Nuestras miradas se cruzan y la profundidad del dolor en su mirada me golpea como una ola, destrozando cualquier resto de compostura que me quedaba. Se me oprime el pecho, como si cada parte de ella, cada respiración pesada, llevara un fragmento de mi propio dolor.
«Déjeme en paz, Majestad», suplica Aria entre lágrimas, volviéndose de nuevo hacia mí, mirando a la oscuridad como si pudiera disolverse en ella, buscando consuelo en la inmensidad de la noche.
Me acerco con cautela, como si temiera asustar a una mariposa con cualquier movimiento brusco, y me siento a su lado en el banco de mármol. El frío del asiento se filtra a través de mi piel, pero no es nada comparado con el vacío que siento al darme cuenta de lo distante que está Aria, inclinándose hacia atrás como si necesitara un espacio seguro para respirar. La idea de que esté tan lejos de mí es insoportable, y el impulso de abrazarla es casi abrumador. Lucho contra ese impulso, obligando a mis manos a permanecer quietas, aunque duelen por tocarla, por cerrar la distancia que ha puesto entre nosotros.
—Aquí hay criaturas peligrosas. No deberías estar sola… —digo en voz baja, y Aria levanta la mirada para encontrar la mía, con un destello de preocupación cruzando su rostro.
—Dudo que haya alguien más peligroso que tu compañero, Majestad —responde Aria, con un tono de tristeza y amargura en la voz.
Las palabras se me atragantan en la garganta mientras busco algo, cualquier cosa, que pueda aliviar el peso que ella lleva.
«Siento cómo te trató Seraphina. Estuvo mal y fue cruel», digo con voz cargada de sinceridad, pero también de culpa. Es una confesión, un débil intento de revelar la verdad que se esconde tras mi silencio y mi fracaso al permitir que sucediera.
Aria se seca las lágrimas con el dorso de la mano, con un movimiento rápido, como si intentara ocultar lo profundamente herida que está. Pero sus ojos… siguen brillando, y puedo ver la tormenta que se esconde allí, un dolor que no puedo medir.

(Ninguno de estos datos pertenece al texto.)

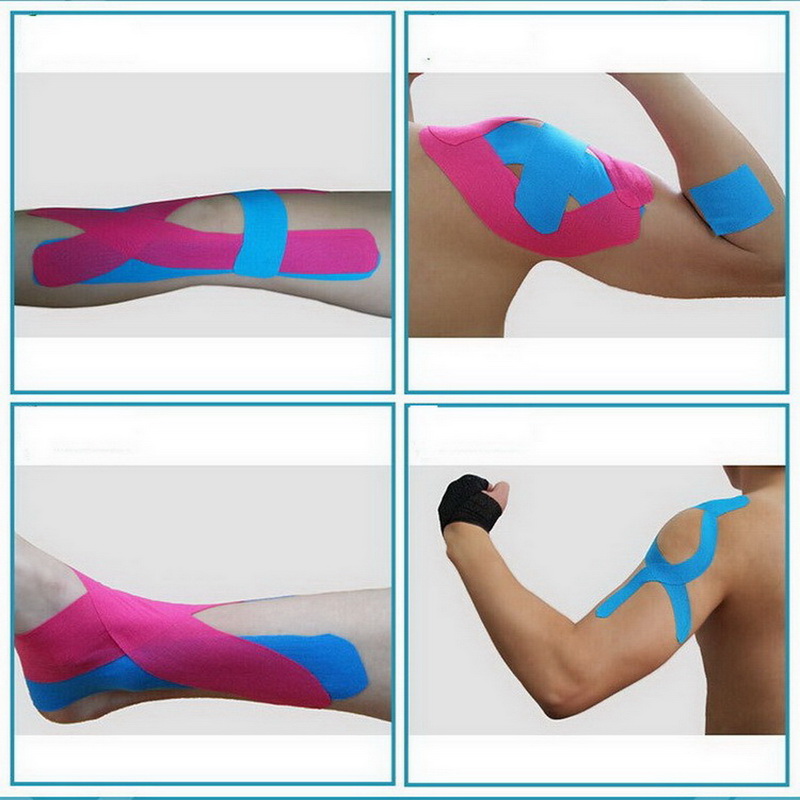 3 Roll Sport Tape crossfit Sel - مراجعة Strapless Bra Adhesive وسعره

Sin pensar, mis dedos encuentran un mechón suelto de su cabello y lo colocan suavemente detrás de su hombro. El contacto es fugaz, pero el calor de su piel bajo mis dedos recorre mi cuerpo como una corriente eléctrica.
«Estás preciosa esta noche. No he podido dejar de mirarte en toda la velada», admito con voz suave pero sincera. Su corazón se acelera, puedo sentirlo, oír su débil ritmo, y por un breve instante, la esperanza se enciende en mí. Pero ella la apaga con la misma rapidez.